On Behalf of The Law Firm of Brent D. Ratchford |

North Carolina deems assault and battery as serious criminal charges. It’s important to know the laws surrounding the offense.

How is simple assault and battery classified?

North Carolina categorizes some assault and battery charges as misdemeanors. These offenses include assault and battery that causes an injury to another person, assault while attempting battery or while putting fear into the victim, and a fight between two or more parties in public that scare other people. The latter is also considered affray.

Simple assault and battery is classified as a Class 2 misdemeanor. These crimes often result in minor injuries to the victim that don’t require medical attention. However, if a person is convicted, they can face up to 30 days in jail for a first offense and as many as 60 days in jail if they have a prior conviction. A fine up to $1,000 is also common.

Class A1 misdemeanors are the most serious type of misdemeanor offense.

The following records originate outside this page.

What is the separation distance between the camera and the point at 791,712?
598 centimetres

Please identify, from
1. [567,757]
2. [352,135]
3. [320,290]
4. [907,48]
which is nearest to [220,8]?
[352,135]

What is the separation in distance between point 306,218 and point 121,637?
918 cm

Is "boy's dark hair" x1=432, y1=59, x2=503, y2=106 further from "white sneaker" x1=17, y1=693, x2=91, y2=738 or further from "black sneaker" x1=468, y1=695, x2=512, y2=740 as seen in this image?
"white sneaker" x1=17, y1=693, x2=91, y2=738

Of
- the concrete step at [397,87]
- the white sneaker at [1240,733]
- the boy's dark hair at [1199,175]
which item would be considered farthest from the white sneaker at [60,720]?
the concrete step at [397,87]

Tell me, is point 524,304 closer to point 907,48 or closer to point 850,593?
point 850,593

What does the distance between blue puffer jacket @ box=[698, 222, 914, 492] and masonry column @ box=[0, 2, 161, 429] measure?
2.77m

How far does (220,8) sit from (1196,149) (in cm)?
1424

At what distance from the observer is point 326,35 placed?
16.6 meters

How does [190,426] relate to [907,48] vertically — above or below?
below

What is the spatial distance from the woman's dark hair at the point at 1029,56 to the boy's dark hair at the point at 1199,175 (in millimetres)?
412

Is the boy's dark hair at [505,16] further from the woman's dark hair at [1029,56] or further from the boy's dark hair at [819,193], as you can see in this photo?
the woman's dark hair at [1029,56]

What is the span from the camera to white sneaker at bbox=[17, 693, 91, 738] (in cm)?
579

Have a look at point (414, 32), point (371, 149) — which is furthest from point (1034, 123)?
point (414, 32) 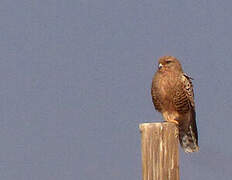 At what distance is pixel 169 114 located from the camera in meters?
9.30

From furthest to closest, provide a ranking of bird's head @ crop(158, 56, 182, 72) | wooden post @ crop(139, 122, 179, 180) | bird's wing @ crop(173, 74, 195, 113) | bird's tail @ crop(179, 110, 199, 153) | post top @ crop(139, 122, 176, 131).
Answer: bird's tail @ crop(179, 110, 199, 153) → bird's wing @ crop(173, 74, 195, 113) → bird's head @ crop(158, 56, 182, 72) → post top @ crop(139, 122, 176, 131) → wooden post @ crop(139, 122, 179, 180)

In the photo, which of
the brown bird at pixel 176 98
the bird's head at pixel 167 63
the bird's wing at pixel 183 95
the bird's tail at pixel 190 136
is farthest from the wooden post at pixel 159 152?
the bird's tail at pixel 190 136

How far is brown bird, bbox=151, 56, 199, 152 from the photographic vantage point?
29.1ft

Charges may be elevated if the victim suffers serious bodily injury or the perpetrator used a deadly weapon or if the victim is a child younger than 12, a school employee, a state employee or officer, or if the victim is female and the perpetrator is male and over 18.

What happens if the assault and battery is more serious?

Sometimes, assault and battery crimes are more serious and are classified as felonies. Specifically, if a person is arrested on charges of assault with a deadly weapon while intending to kill someone or cause them serious bodily injury, they can be charged with a Class C felony if convicted. Penalties for this crime include a term of 44 to 98 months in prison.

Another serious felony assault and battery charge is assault with a deadly weapon when the attack results in serious bodily injury or the intent to kill the victim. For a conviction, a person can be charged with a Class E felony and spend 15 to 31 months in prison.

While most assault and battery charges are considered to be misdemeanors, it’s possible for a felony conviction to occur based on the circumstances surrounding the case. However, even with a misdemeanor conviction, these charges can adversely affect a person’s life and should not be taken lightly.